Opened 2 years ago

Closed 20 months ago

#2690 closed task (fixed)

Setup osgeo8 as LXD Host

Reported by: robe Owned by: sac@…
Priority: normal Milestone: Sysadmin Contract 2022-I
Component: SysAdmin Keywords:
Cc:

Description

osgeo8 as mentioned in #2591 I think we should go ahead and setup osgeo8 as an LXD host and use the disks as is.

It will be a host that will have both containers and VMs. I still need to get around the lxd limitation that that while it can be used to create and manage a true VM via QEMU, the default config has hardware emulation turned off. This makes it only useful for non-linux VMS such as Windows, Mac, the BSDs that don't need complete hardware emulation. Until we figure out a way around it, we can't use it for hardware emulation - such as emulating the os390s or the ARMs (which bare QEMU I think can do).

For the most part the container support (which is Linux Containers) is sufficient to support any kind of Linux that is x86_64 (possible even 32-bit, haven't checked that).

That means even with the current osgeo8 disk, it should be pretty good for CI/CD, demo sites, tutorial sites. Anything where we are often rebuilding the thing from scratch and thus don't care as much that the disks may not be robust.

Change History (3)

comment:1 by darkblueb, 2 years ago

this machine is related to the Openstreetmap Project, which is crucial to the Open Data movement worldwide. Without evidence, I believe that there are now at least two tiers of Openstreetmap replicating nodes: one has full change logs with authorship, and the second and more common kind has only changesets with some identifying information removed.

Osgeo8 is located on US territory and therefore subject to US laws, however it is not reasonable to think that there is some kind of tier of Openstreetmap core replicating node, that is never located on US territory, therefore this Osgeo8 would not be the first (hopefully not the last, either).

I suggest that with the longstanding relationship between OSGeo dot org and the various forms of Openstreetmap network engineering groups, that Osgeo8 is a great candidate for a secure, trusted, core Openstreetmap replicating node.

As far as hack target dangers and attracting advanced infiltration, there are higher value targets that attract that kind of thing on the net, and, this would not be the only Openstreetmap inner-core replicating node in the US -- by definition they are the same. Also given OSUOSL, it is likely that there is already at least on node like that, either in Oregon, in Wisconsin, or in New York State, per the recent expansion of the OSUOSL inner network.
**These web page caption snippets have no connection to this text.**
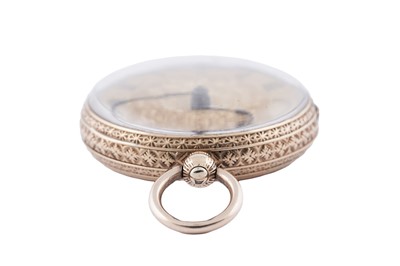 Lot 595 - An 18ct yellow gold cased open faced fob watch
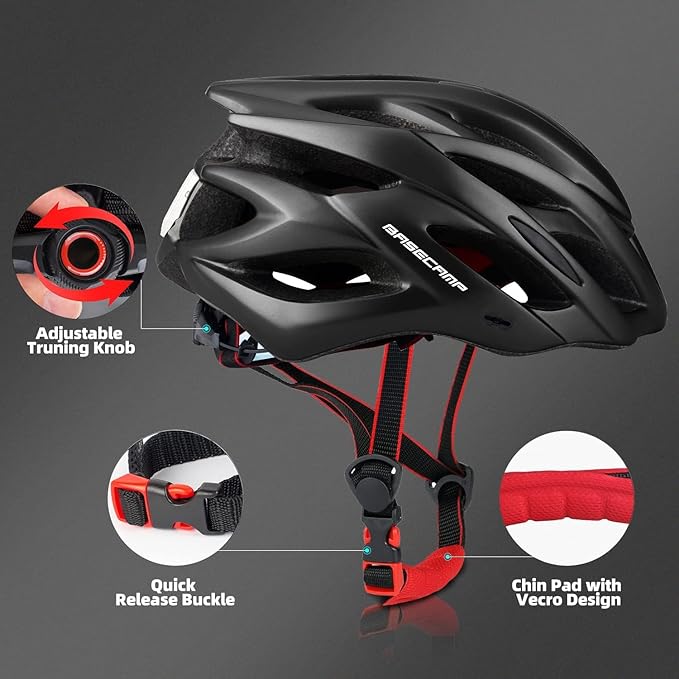 Basecamp Bike Helmet for Women Men with LED Safety Light Removable Sun Visor Lightweight Bicycle Helmet Adjustable Breathable Mountain & Road Cycling Helmets for Adult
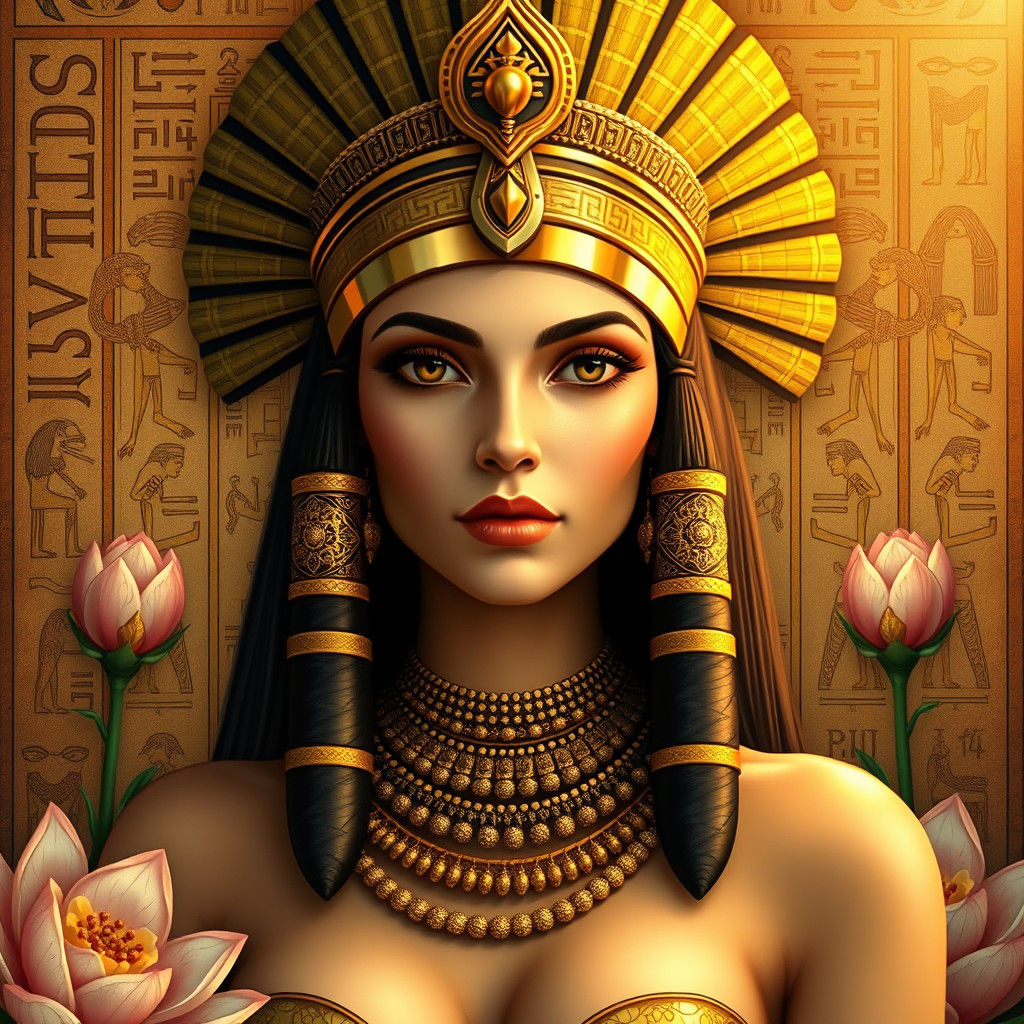 Cleopatra Portrait in Klimt-Inspired Egyptian Art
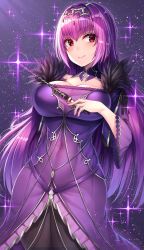 Rule 34 | 1girl, blush, breasts, cleavage, closed mouth, collarbone, covered navel, detached collar, dress, fate/grand order, fate (series), fur trim, hair between eyes, highres, hip focus, jewelry, large breasts, long hair, looking at viewer, nano (syoutamho), pantyhose, purple dress, purple hair, red eyes, scathach (fate), scathach skadi (fate), smile, solo, sparkle, thighs, tiara, wand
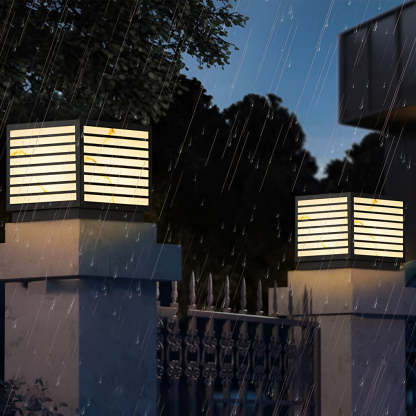 Square IP65 LED Solar Modern Outdoor Deck Pillar Light — Solar / Set of 2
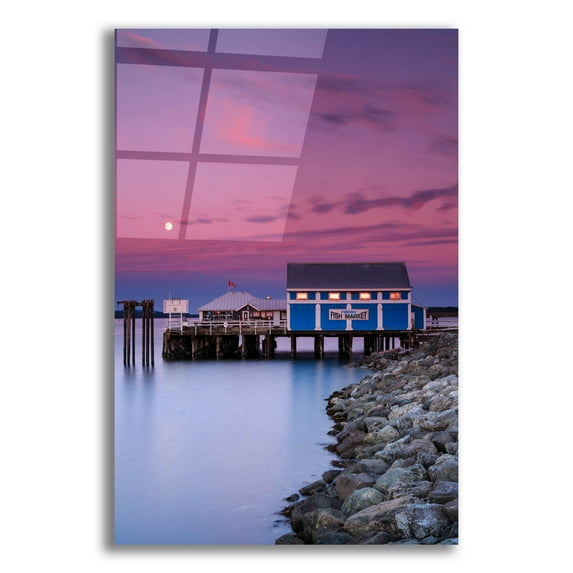 Epic Art ' Moon over Sidney Fish Market' by Shawn/Corinne Severn, Acrylic Glass Wall Art, 16"x24"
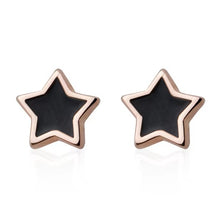 Load image into Gallery viewer, pendientes de plata de ley 925 con forma de estrella para mujer, joyería fina con esmalte negro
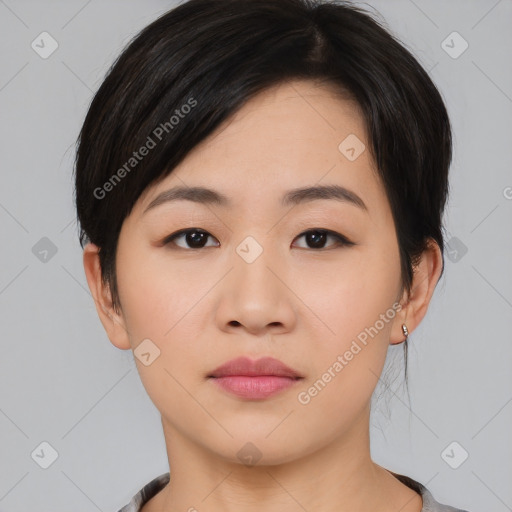 Neutral asian young-adult female with medium  black hair and brown eyes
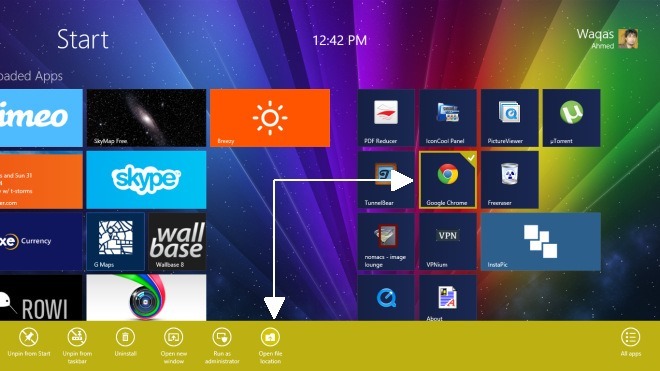 Så här ändrar du ikoner och etiketter på ikoner och etiketter på startskärmen i Windows 8_Step1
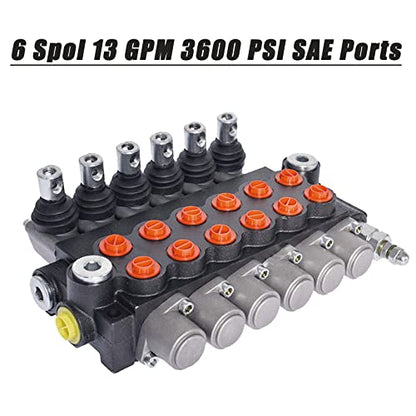 findmall 6 Spool Hydraulic Directional Control Valve 13GPM 3600PSI SAE Port - size: 13 GPM, style: 6 Spool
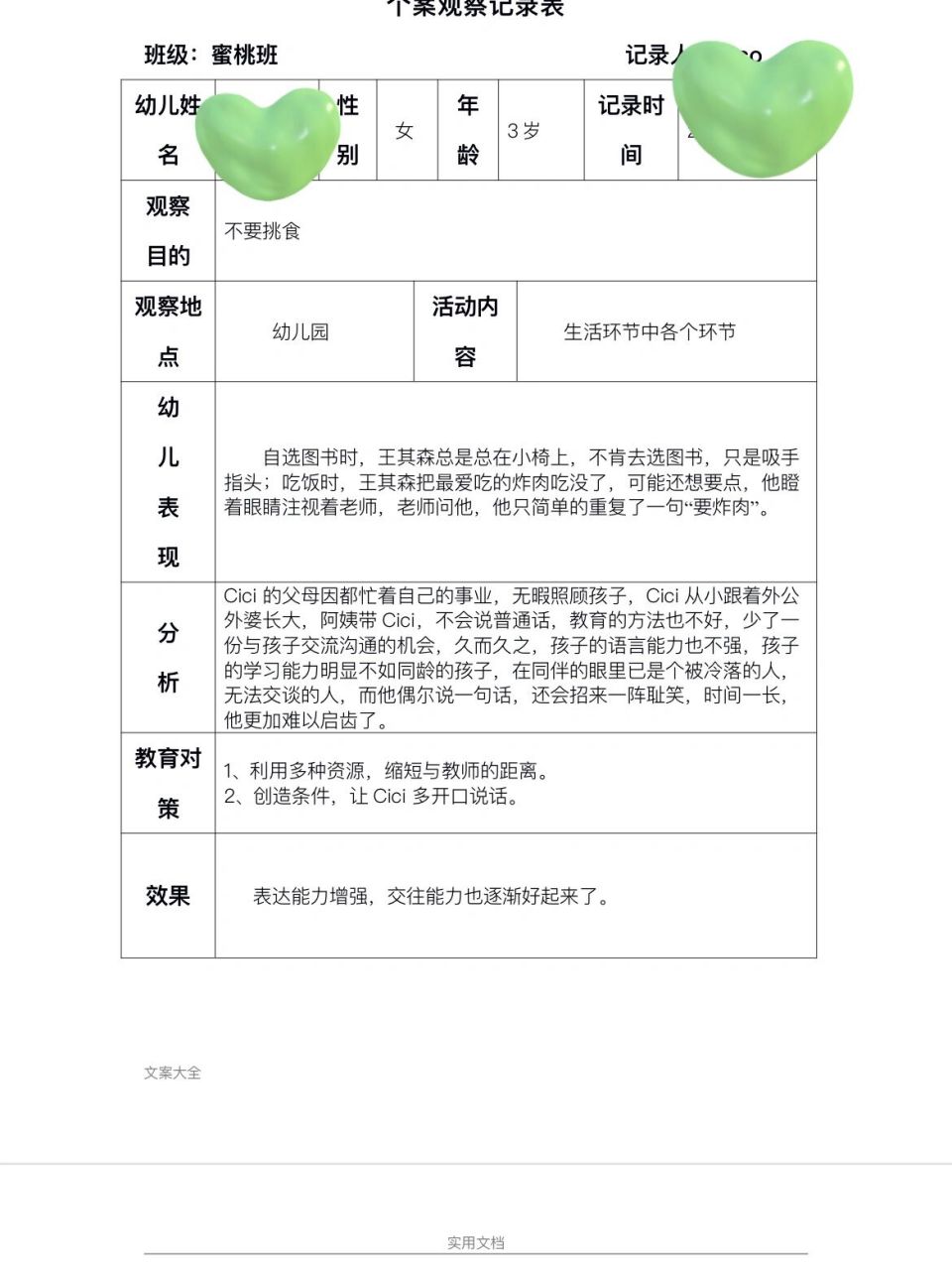 小班幼儿园观察记录分析与措施(小班幼儿园观察记录分析与措施怎么写)
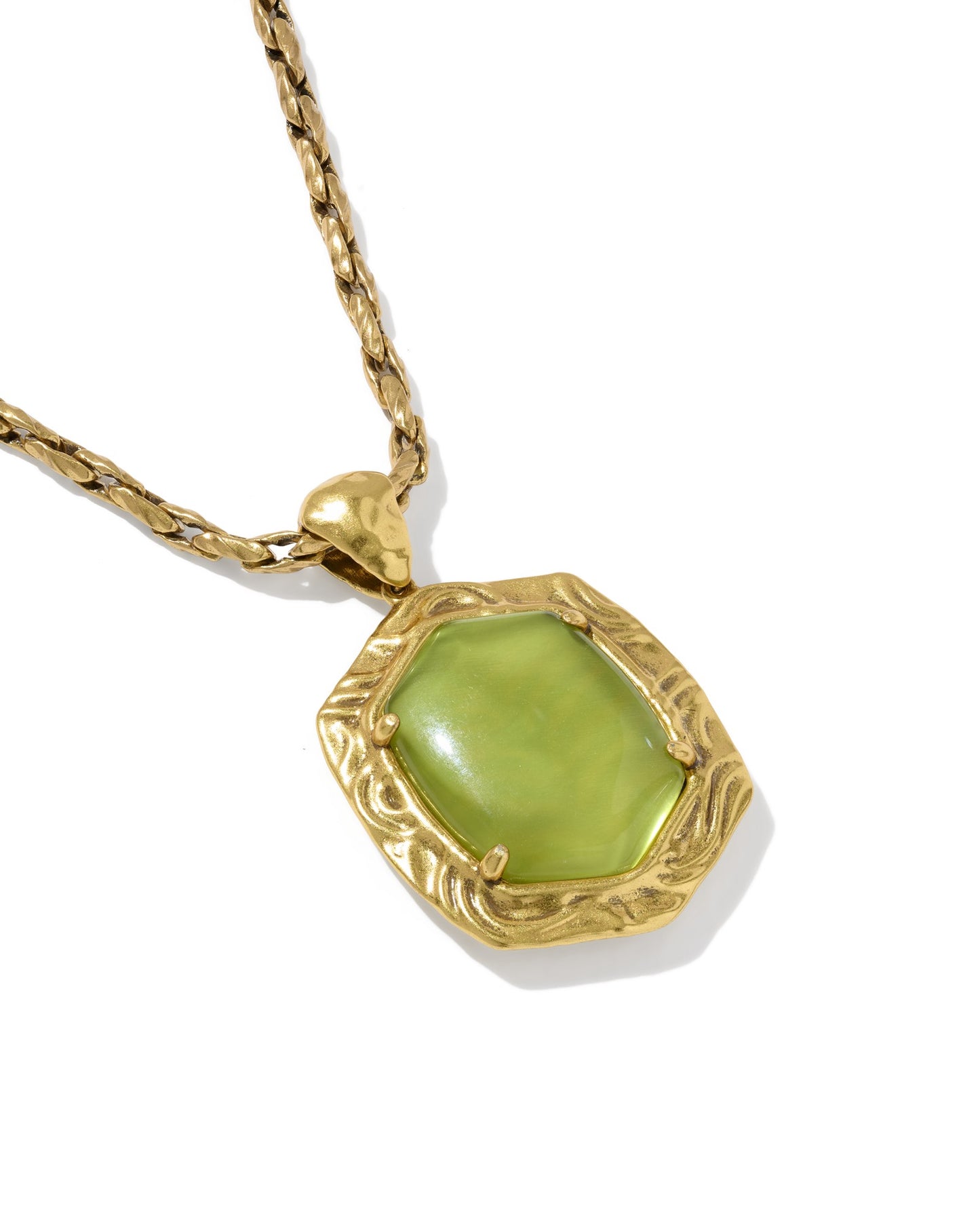 Kendra Scott TIGER STRIPED DAPHNE SMALL LONG PENDANT NECKLACE VINTAGE GOLD CHARTREUSE GREEN MOTHER OF PEARL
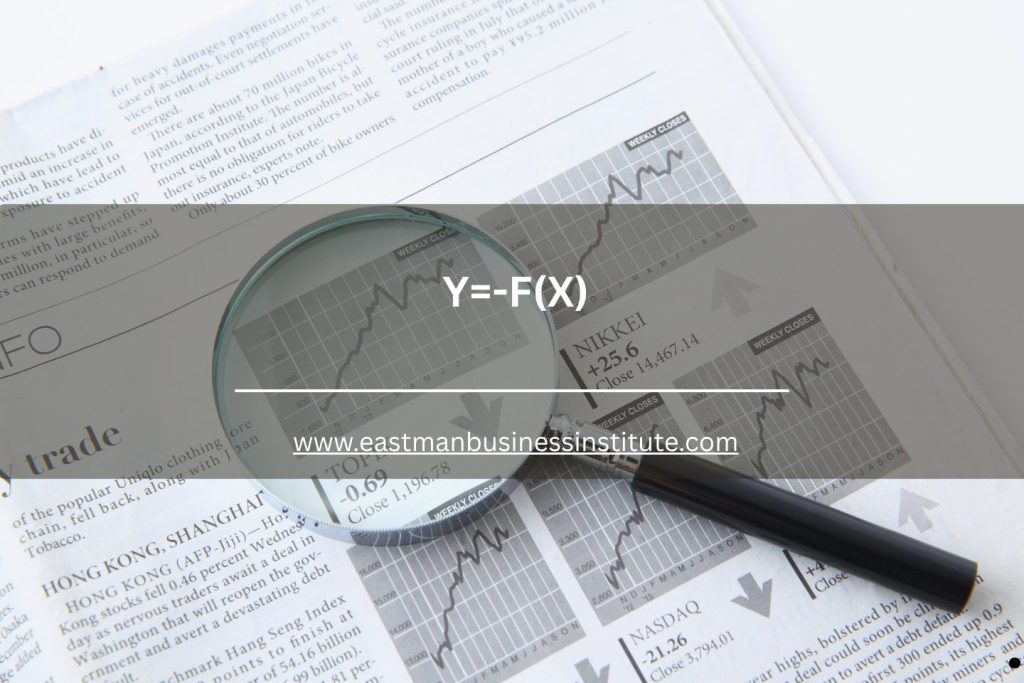 Magnifying glass highlighting financial graphs and statistical patterns illustrating the Y = F(X) equation and data interpretation concepts.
Bandwidth use of such a service is non-trivial, so good agreement with OSUOSL would need to be in place, and their own planning would likely want to know about that. Generally it seems like good policy to document the basic server functions on OSGeo equipment anyway, e.g. on the public wiki.

comment:2 by robe, 2 years ago

@darkblueb the issues I see with the above is

1) I know nothing about managing osm replicating nodes, and given that osm gave us this server, I presume they must have ruled that out as something they wanted to use this for or manage.

2) The extra bandwidth and overhead of managing someone else's project is beyond SAC responsibility goals. It would require someone to take up the challenge and continue supporting it.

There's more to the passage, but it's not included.